Gain (loss) on disposal of
discontinued businesses
Gain on sale of fixed assets $ 85,983 $ 15,272 $ 77,448 $ 178,703
Fixed asset impairments - (18,968) - (18,968)
------------- ------------- --------------- ----------------
Gain (loss) on disposal of
discontinued businesses, before
tax 85,983 (3,696) 77,448 159,735
Tax provision (30,997) (3,563) (32,528) (67,088)
------------- ---------------- --------------- ----------------
Gain (loss) on disposal of
discontinued businesses,
net of tax $ 54,986 $ (7,259) $ 44,920 $ 92,647
============= ================ =============== ================







Northern New England
- --------------------
As previously stated, as part of our strategic plan we decided, in February
2003, to exit the northern New England market by closing and/or selling 21
stores in that region in order to focus on our core geographic markets. As a
result of these sales, we generated proceeds of $117.5 million, resulting in a
gain of $86.0 million ($55.0 million after tax). This gain was included in
"(Loss) gain on disposal of discontinued operations, net of tax" on our
Statements of Consolidated Operations for the 40 weeks ended November 29, 2003.
In addition, as part of the exit of this business, we reported a loss of $10.8
million ($6.9 million after tax) for the 40 weeks ended November 29, 2003, which
was included in "Income (loss) from operations of discontinued businesses, net
of tax" on our Statements of Consolidated Operations for those periods. During
the 12 and 40 weeks ended December 4, 2004, we recorded gains of nil and $0.3
million, respectively, primarily due to favorable results of winding down this
business. This amount is included in "Income (loss) from operations of
discontinued businesses, net of tax" in our Statements of Consolidated
Operations.

The following table summarizes the reserve activity related to the exit of the
northern New England market since the charge was recorded:





Severance
and
Occupancy Benefits Total
--------- --------- --------



Fiscal 2003 charge (1) $3,993 $2,670 $6,663
Additions (2) 6 - 6
Utilization (3) (3,547) (2,612) (6,159)
-------- ------- --------
Balance at
February 28, 2004 452 58 510
Additions (2) 8 326 334
Utilization (3) (127) (384) (511)
-------- ------- --------
Balance at
December 4, 2004 $ 333 $ - $ 333
======= ====== ========

(1) The fiscal 2003 charge to occupancy consists of $4.0 million related to
future expected occupancy costs such as rent, common area maintenance and
real estate taxes. The fiscal 2003 charge to severance and benefits of
$2.7 million related to severance to be paid to employees terminated as a
result of our exit from the northern New England market.
(2) The additions to occupancy represents the interest accretion on future
occupancy costs which were recorded at present value at the time of the
original charge.
(3) Occupancy utilization represents vacancy related payments for closed
locations.

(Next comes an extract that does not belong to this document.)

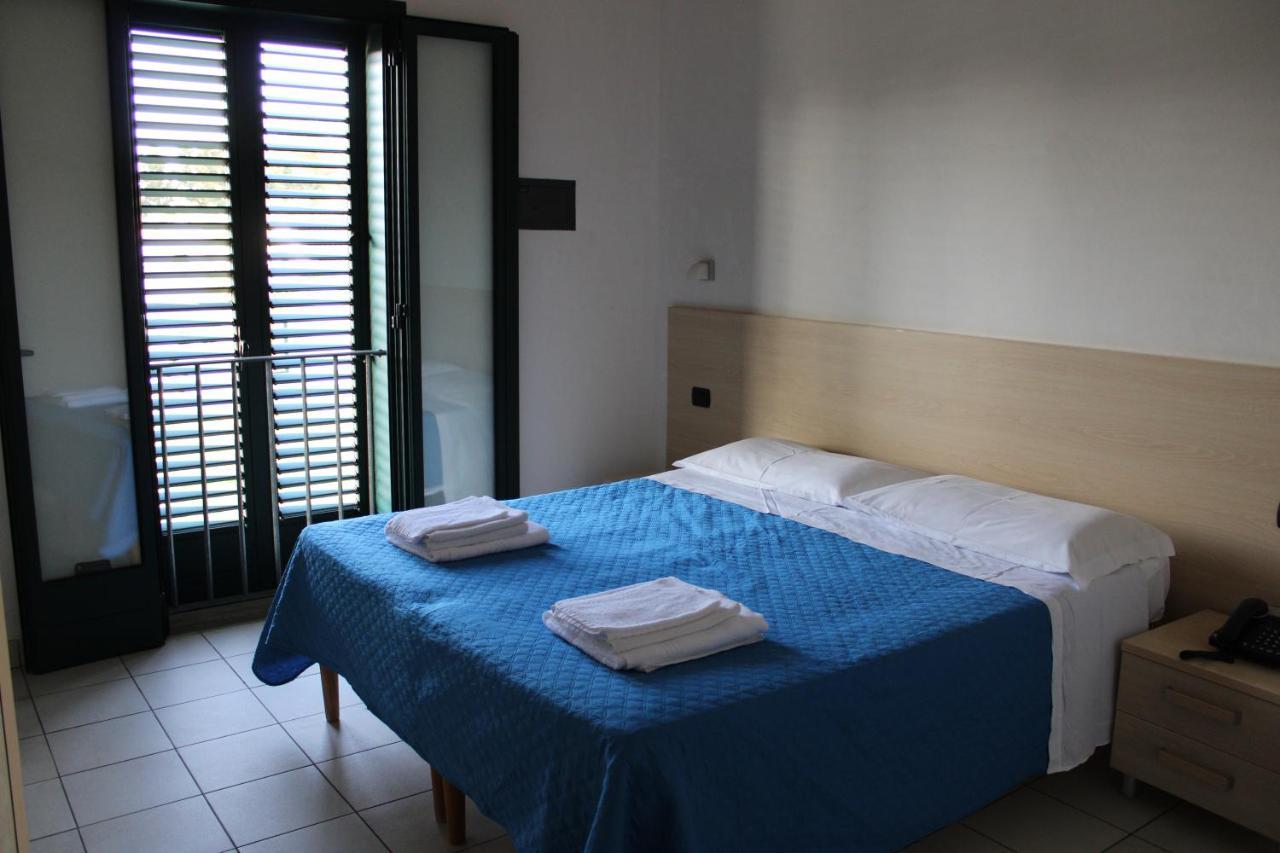 Residence Blu Mare Alimini Otranto Esterno foto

Severance and benefits utilization represents payments made to
terminated employees during the period.




As of December 4, 2004, we had paid approximately $3.0 million in severance and
benefits costs, which resulted from the termination of approximately 300
employees.

At December 4, 2004, $0.1 million of the northern New England exit reserves was
included in "Other accruals" and $0.2 million was included in "Other non-current
liabilities" on our Consolidated Balance Sheets. We have evaluated the liability
balance of $0.3 million as of December 4, 2004 based upon current available
information and have concluded that it is appropriate. We will continue to
monitor the status of the vacant properties and adjustments to the reserve
balance may be recorded in the future, if necessary.

Kohl's Market
- -------------
As previously stated, as part of our strategic plan we decided to exit the
Madison and Milwaukee, Wisconsin markets, which comprised our Kohl's banner.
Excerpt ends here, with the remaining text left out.